With the end of the school year drawing near, plans for next year’s student leadership kick into high gear.

Carlmont’s Associated Student Body (ASB) plans assemblies and events, decorates the school for various holidays, promotes school spirit, and much more. Also, ASB has representatives from each grade to give non-ASB members a connection to the student government.

Nate Hsich, the current sophomore class vice president, is running again for his third year as a class representative.

“I’ve always had so much fun in student government starting back in middle school. It’s always been an environment that I love being in. Representing my class is an even greater responsibility that I love doing. I try to reach out to my classmates any way I can, even if that’s making them laugh,” Hsich said.

Along with elections for class representatives, the student body also gets the chance to vote for ASB president. Nicole Doud, a junior, is running for the coveted position.

“I chose to run for ASB president because it is a great position. It provides you with a platform to reach out to a larger population of students and create programs to fit their needs. It’s a great opportunity to learn how to work independently and cooperatively and how you work in stressful situations,” Doud said.
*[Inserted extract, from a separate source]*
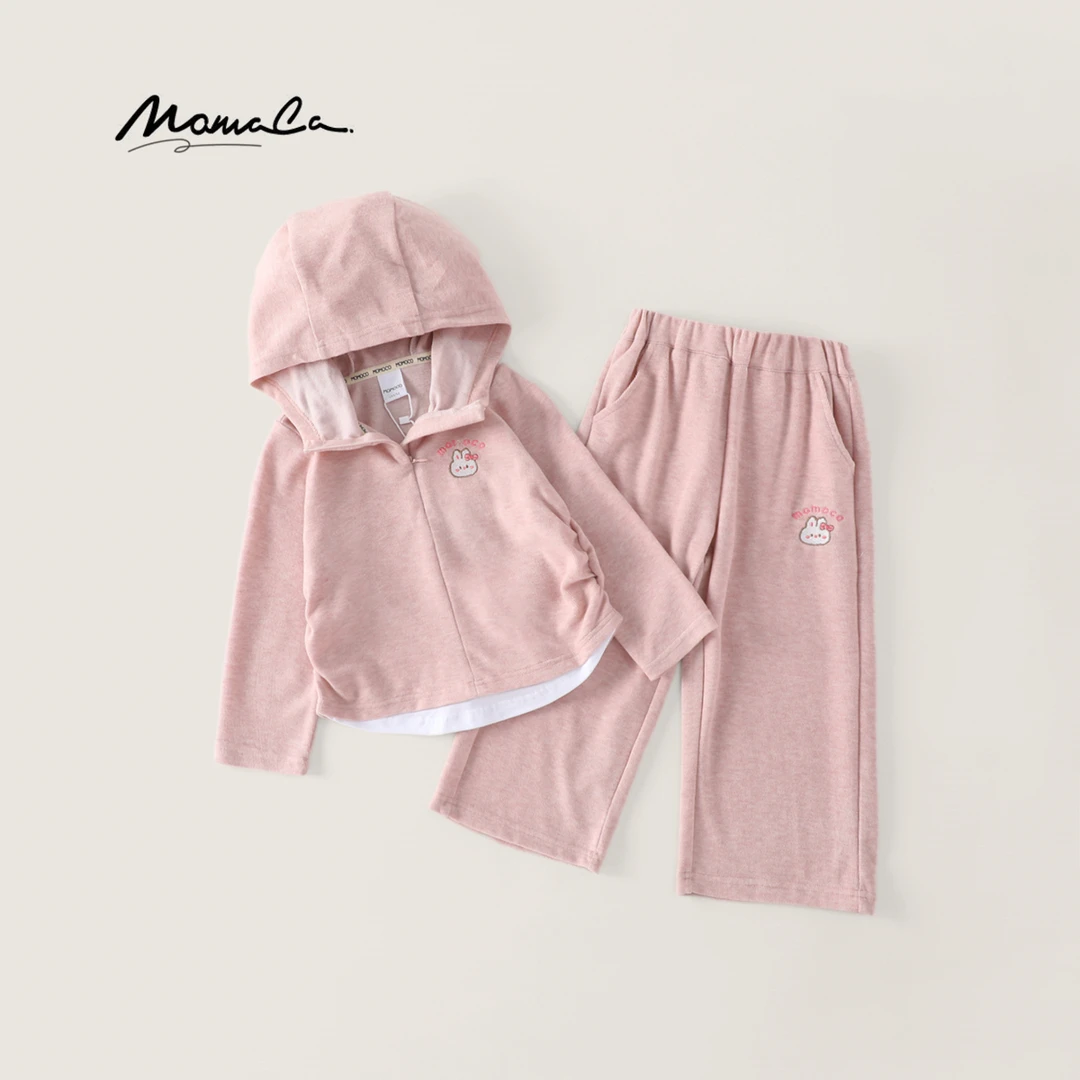 MOMOCO春秋季女童甜美卫衣刺绣小兔子套装时尚两件套77530580017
Despite the competition, all of the candidates often remain respectful to their fellow running mates. The ASB rules state that if a student is seen putting down one of their fellow competitors, they will be removed from the running.

Sammy Kosman, a freshman, is running for next year’s sophomore vice president. She is optimistic about her chances of winning but remains supportive of her competition.

“Of course, I would love to win, but I wish all the luck to my fellow competitors,” Kosman said.

Even with the excellent sportsmanship that the candidates display, the election process can be stressful for those who run.

“I’ve been in my fair share of elections, so I know the process pretty well. It’s no doubt a stressful time of year, but it’s always exciting to see the outcome and what ASB will look like for the following year,” Hsich said.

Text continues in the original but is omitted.